问题
Consider the following code using the ranges library (from c++20)
#include <iostream>
#include <ranges>
#include <vector>
int main() {
std::vector<int> inputs{1, 2, 3, 4, 5, 6};
auto square_it = [](auto i) {
std::cout << i << std::endl;
return i * 2; };
auto results = inputs | std::views::transform(square_it) | std::views::filter([](auto i){ return i % 3 == 0; });
for(auto r : results) {
// std::cout << r << std::endl;
}
}
The cout in the square function is to log when the square function is called by the ranges library. This code prints
1
2
3
3
4
5
6
6
The question is, why are values that match the filter's predicated are printed twice?
I have seem this code in a presentation in CppCon 2020, where the presenter explains why this happens. According to him, filter iterates until its predicate is satisfied (and of course if needs to call transform each time). Then filter stops and it is ready to be iterated on. After that the actual iteration is started and a value is read from filter, which then calls transform again a second time for the same input.
It is not clear to me why this is necessary. Since ranges compute values lazily and every element pulls data from the one before it, why can't filter just pass the value to whoever is after it in the pipeline as soon as it finds a match?
回答1:
why can't filter just pass the value to whoever is after it in the pipeline as soon as it finds a match?
Because in the iterator model, positioning and accessing are distinct operations. You position an iterator with ++; you access an iterator with *. These are two distinct expressions, which are evaluated at two distinct times, resulting in two distinct function calls that yield two distinct values (++ yields an iterator, * yields a reference).
A filtering iterator, in order to perform its iteration operation, must access the values of its underlying iterator. But that access cannot be communicated to the caller of ++ because that caller only asked to position the iterator, not to get its value. The result of positioning an iterator is a new iterator value, not the value stored in that iterated position.

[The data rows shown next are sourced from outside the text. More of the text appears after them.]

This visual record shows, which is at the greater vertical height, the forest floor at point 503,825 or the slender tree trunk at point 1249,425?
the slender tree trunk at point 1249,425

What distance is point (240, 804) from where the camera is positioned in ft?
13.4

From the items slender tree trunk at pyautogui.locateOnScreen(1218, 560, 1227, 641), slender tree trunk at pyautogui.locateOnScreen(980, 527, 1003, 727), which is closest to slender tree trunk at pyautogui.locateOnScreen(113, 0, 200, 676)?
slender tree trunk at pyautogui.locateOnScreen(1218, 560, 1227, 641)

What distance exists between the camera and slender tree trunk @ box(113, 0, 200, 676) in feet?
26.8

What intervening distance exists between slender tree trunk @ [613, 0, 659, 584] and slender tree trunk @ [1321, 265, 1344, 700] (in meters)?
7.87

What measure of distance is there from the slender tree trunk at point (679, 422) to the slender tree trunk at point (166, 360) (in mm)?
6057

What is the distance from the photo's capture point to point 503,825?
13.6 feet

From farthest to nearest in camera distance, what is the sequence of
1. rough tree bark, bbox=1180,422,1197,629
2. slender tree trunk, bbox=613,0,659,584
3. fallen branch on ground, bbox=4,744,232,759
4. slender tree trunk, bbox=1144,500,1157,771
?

So there's nobody to return it to.
You can't really delay positioning until after accessing because a user might reposition the iterator multiple times. I mean, you could implement it that way in theory by storing the number of such increments/decrements. But this increases the complexity of the iterator's implementation. Especially since resolving such delayed positioning can happen through something as simple as testing against another iterator or sentinel, which is supposed to be an O(1) operation.
This is simply a limitation of the model of iterators as having both position and value. Alternative models exist where iteration and access are bundled together exist, but they're not how standard library iteration works.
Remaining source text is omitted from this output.